Since 1959, a partnership has been in place between the EYN and Mission 21 (the Basel Mission at that time). The headquarters of the church's leadership is located in Kwarhi, Adamawa State. For this reason, the EYN's expansion focuses primarily on the mainly rural north-eastern part of the country, from Maiduguri on the border with Cameroon as far as Biu and Yola. From there, the church has gradually extended its sphere of influence to include the large cities as well. EYN congregations have formed in the cities of Abuja, Jos, Kano and Lagos, among others. They now represent an important source of financial support for the church. With more than one million members, the EYN is the largest national body of the Church of the Brethren anywhere in the world.

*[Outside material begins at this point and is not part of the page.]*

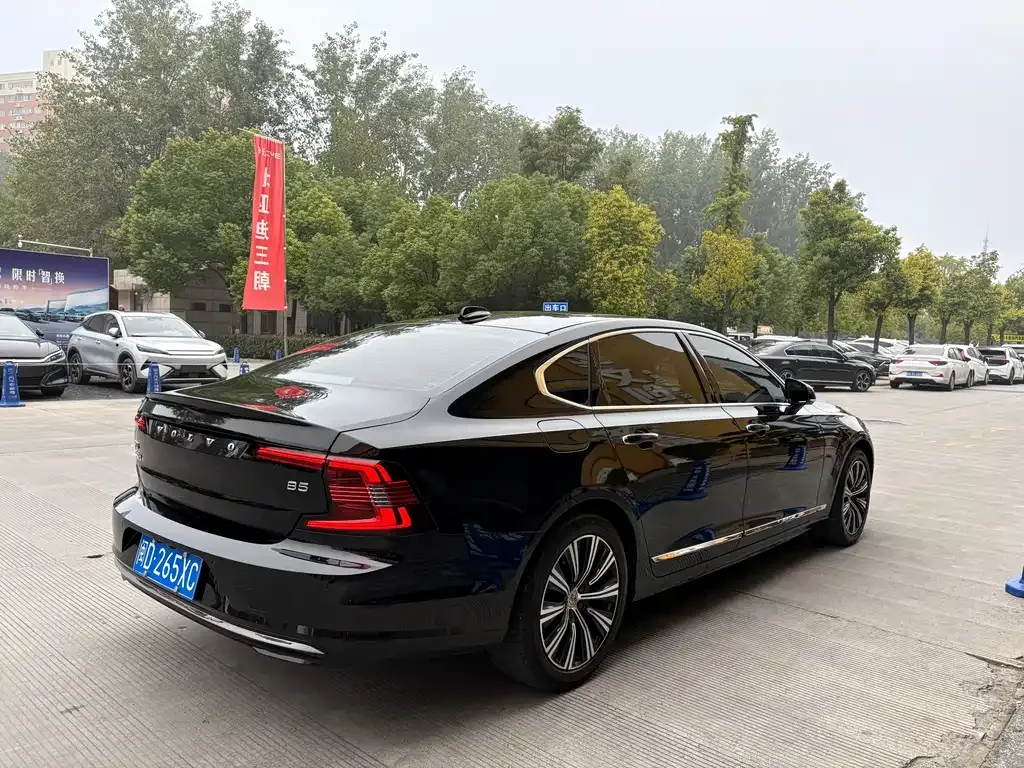 Volvo S90 — фото 6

Since the mid-1980s, Nigeria has been afflicted by a persistent and severe economic crisis. Given this background, the facilities offered by the government are inadequate – not least in the healthcare and educational sectors. The churches make up for these shortcomings in many places, so the EYN has also become an important part of Nigeria's social system. Nowadays, the church works actively in diverse areas and it receives support from Mission 21 in various fields. These activities include the operation of several educational facilities such as the Kulp Theological Seminary (KTS), the Theological Education by Extension (TEE) programme for adults, a literacy programme, work with women, a programme to combat HIV/AIDS and an Integrated Community-Based Development Programme (ICBDP). In addition, Mission 21 provides support for the EYN in its interfaith dialogue with Nigeria's Muslim population, as part of its peace work. The major tensions between Christians and Muslims in Nigeria – especially in the north-east of the country – give this work added relevance. The EYN occupies a special position amid these tensions, given that it is impacted more severely by the agenda of violence perpetrated by the Boko Haram terrorist militia than any other church in Nigeria. The church even had to temporarily relocate its headquarters to the city of Jos. In August 2016, the church's central institutions were able to return to their original headquarters at Kwarhi, from where the EYN still maintains its commitment to peace and development today.